(DATA RECORDS begins)

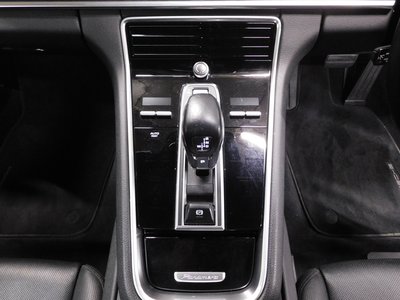 PORSCHE PANAMERA - 7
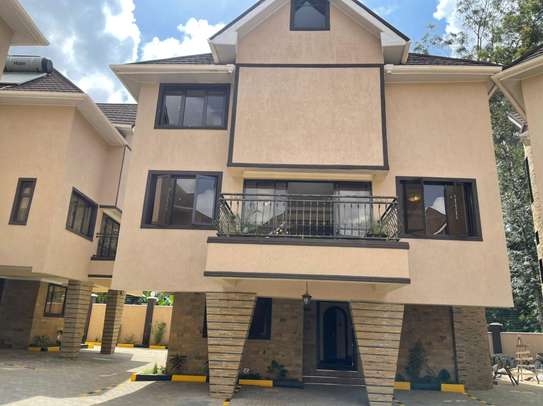 5 Bed Townhouse with Garage in Lavington image 8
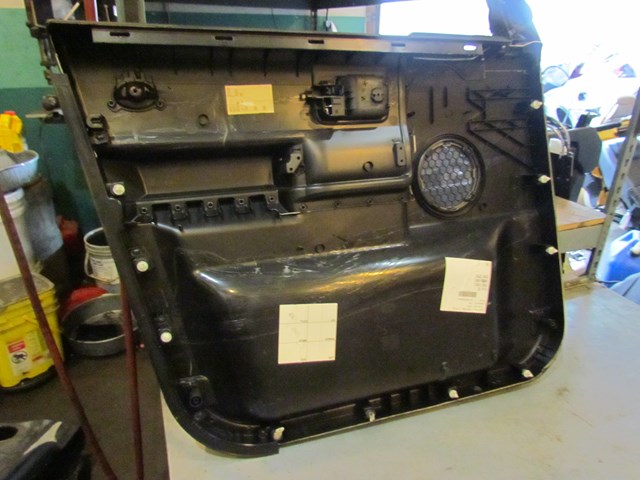 2005 Land Rover LR3 Front RH Passenger Door Panel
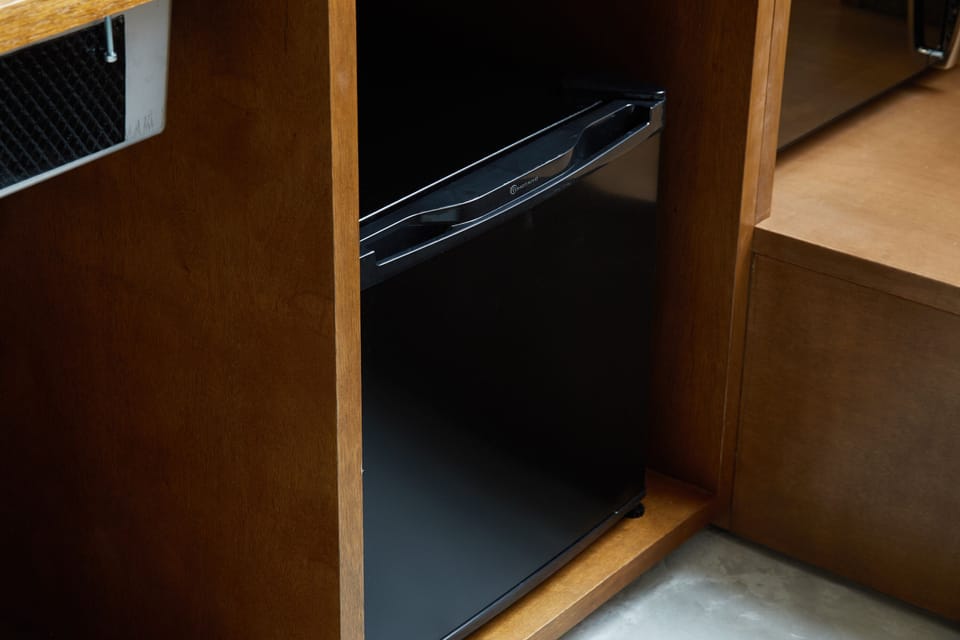 Deluxe Suite | Mini-refrigerator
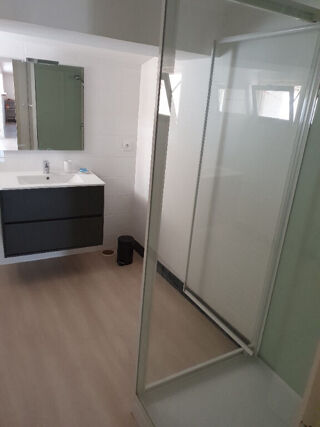 Appartement à louer 2 pièces 60 m²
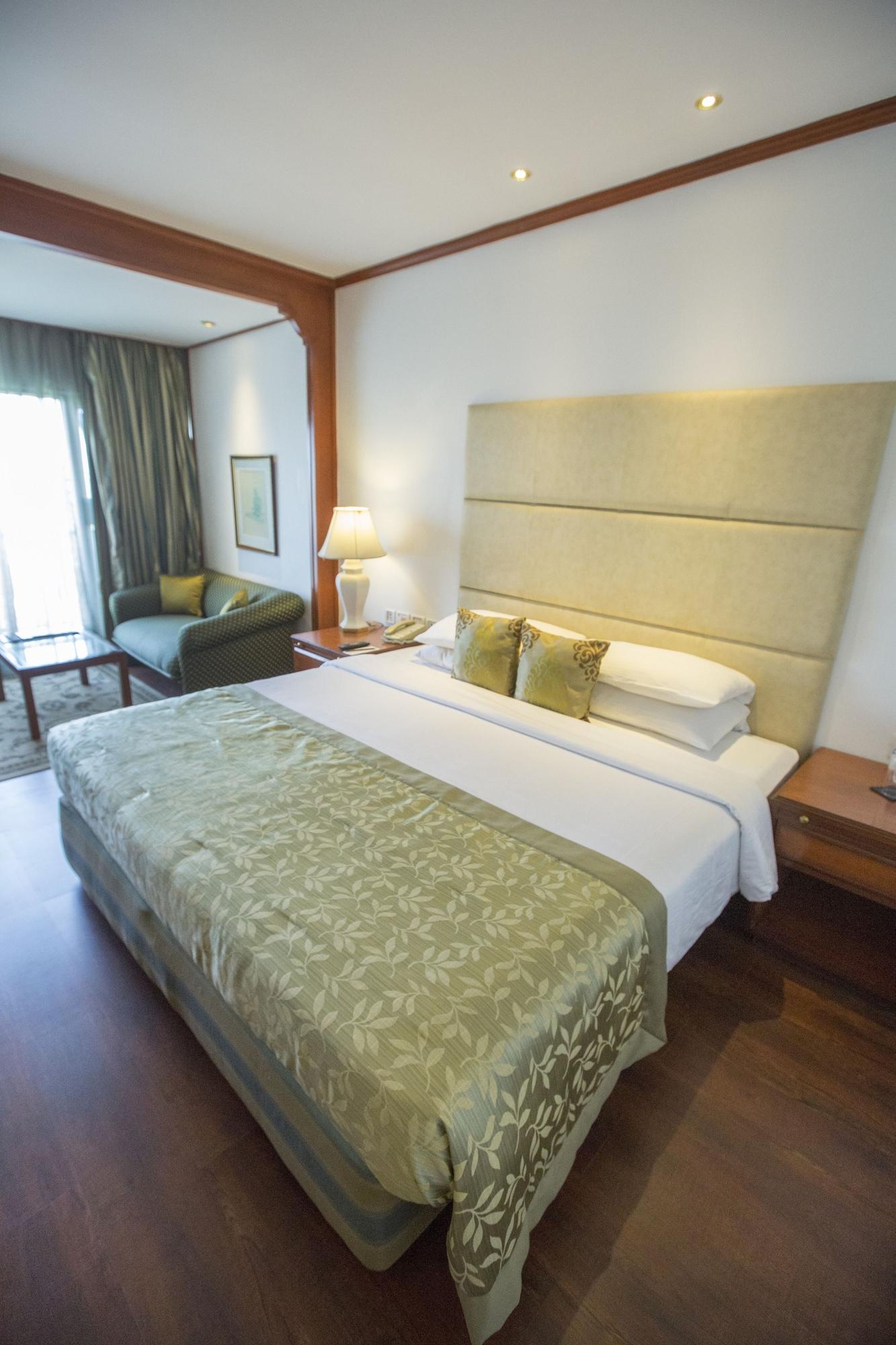Taj Banjara Hotel Hyderabad Ngoại thất bức ảnh A room at the Taj Bengal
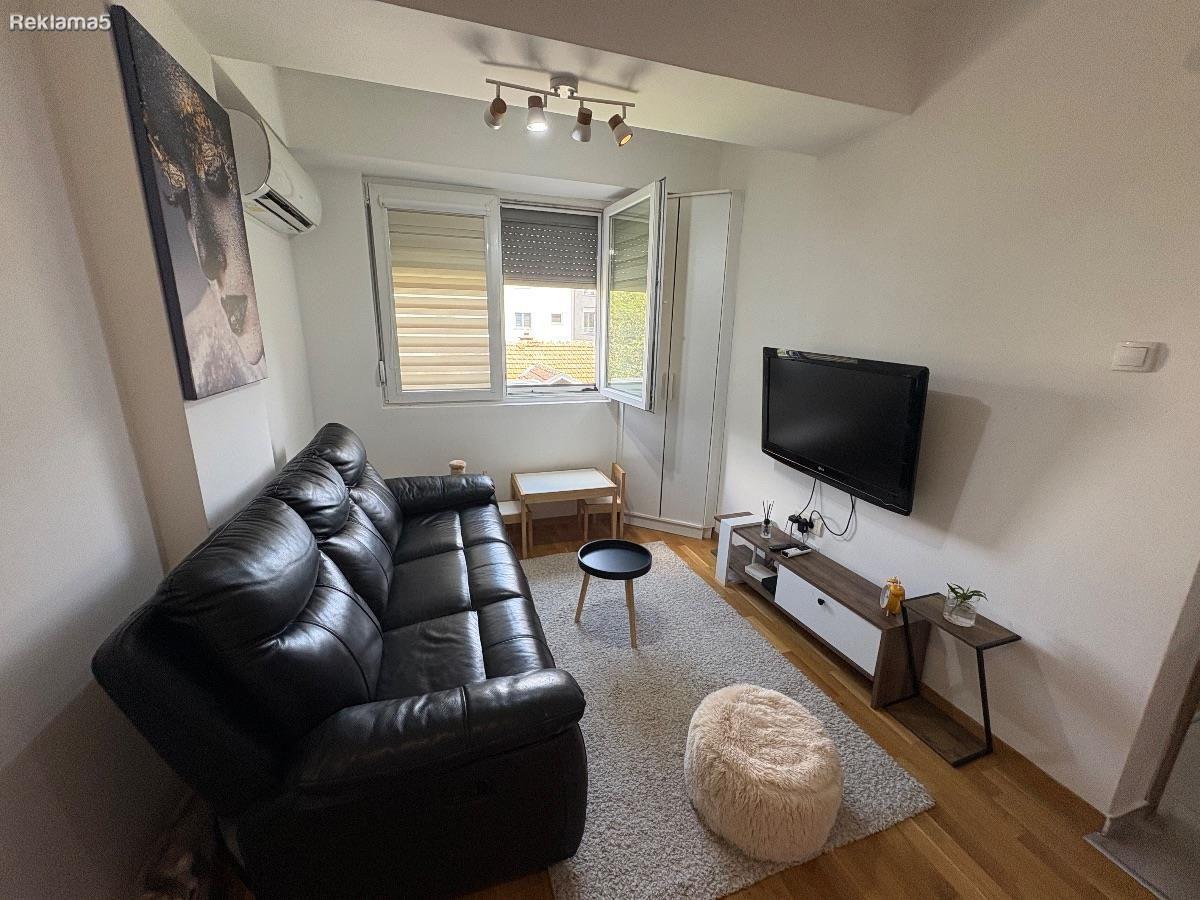 Furnished apartment for rent in Chrom | 30m² | €250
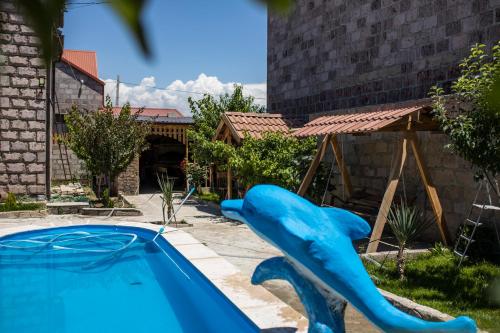 un toboggan bleu en face d'une piscine dans l'établissement Sweet Home, à Yengidzha
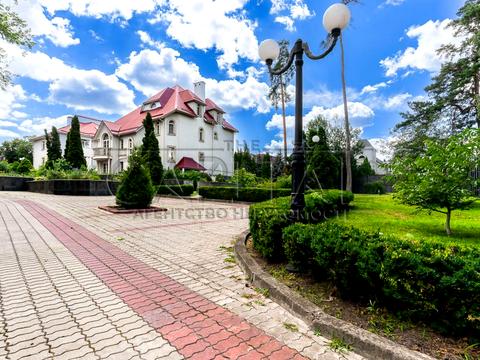 комерційна за адресою Патріарха Володимира Романюка вул. (Жовтнева), 2Б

(DATA RECORDS ends)

Set down again, exactly, the lines of the material above from its first line to the one with "Furnished apartment for", inclusive. Leave the pictures out.

 PORSCHE PANAMERA - 7
 5 Bed Townhouse with Garage in Lavington image 8
 2005 Land Rover LR3 Front RH Passenger Door Panel
 Deluxe Suite | Mini-refrigerator
 Appartement à louer 2 pièces 60 m²
Taj Banjara Hotel Hyderabad Ngoại thất bức ảnh A room at the Taj Bengal
 Furnished apartment for rent in Chrom | 30m² | €250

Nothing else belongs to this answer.